§ **WHAT TO PRODUCE**:
Your answer must be an exact copy of the records, with no pictures included.

(Pictures with short captions)
◇ ◇ ◇ ◇

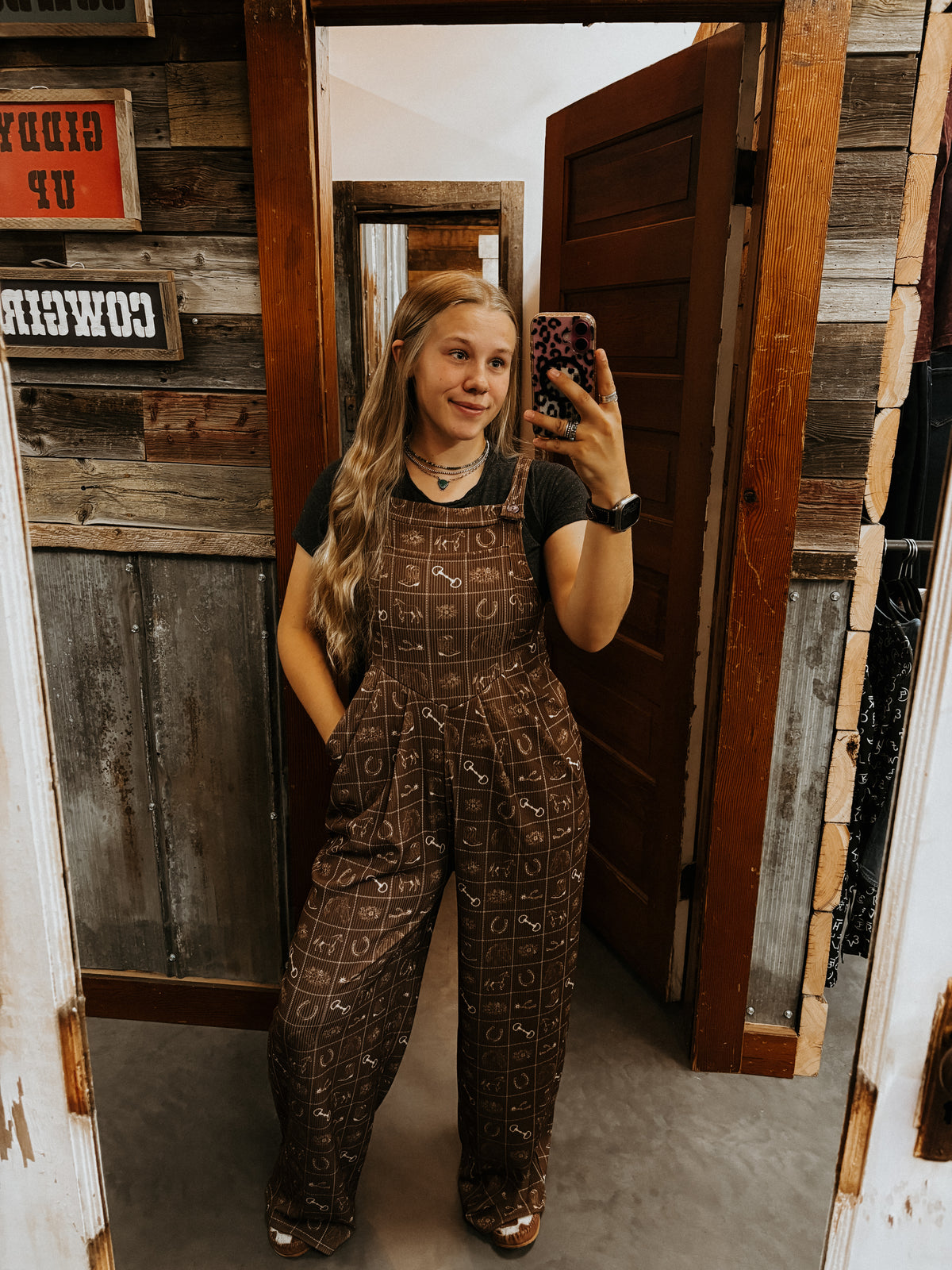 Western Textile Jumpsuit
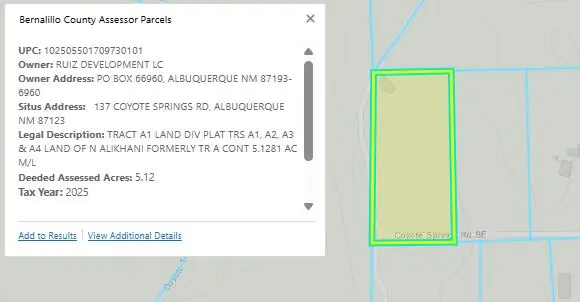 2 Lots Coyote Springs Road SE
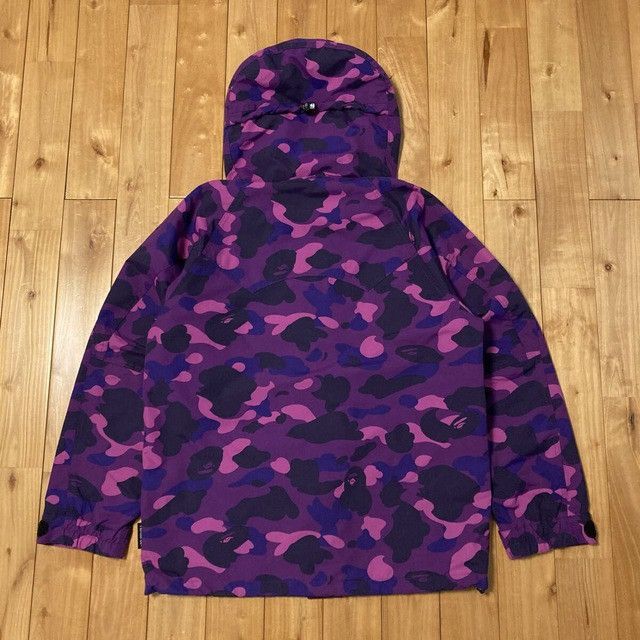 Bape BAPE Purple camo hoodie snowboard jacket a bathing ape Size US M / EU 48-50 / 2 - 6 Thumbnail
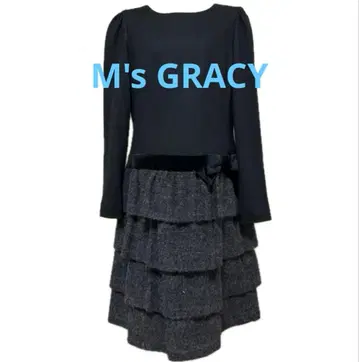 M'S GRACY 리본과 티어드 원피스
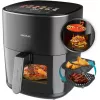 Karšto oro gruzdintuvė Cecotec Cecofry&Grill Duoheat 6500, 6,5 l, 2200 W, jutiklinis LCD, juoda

◇ ◇ ◇ ◇

§ **THE COMPLETED TASK**:
 Western Textile Jumpsuit
 2 Lots Coyote Springs Road SE
 Bape BAPE Purple camo hoodie snowboard jacket a bathing ape Size US M / EU 48-50 / 2 - 6 Thumbnail
 M'S GRACY 리본과 티어드 원피스
 Karšto oro gruzdintuvė Cecotec Cecofry&Grill Duoheat 6500, 6,5 l, 2200 W, jutiklinis LCD, juoda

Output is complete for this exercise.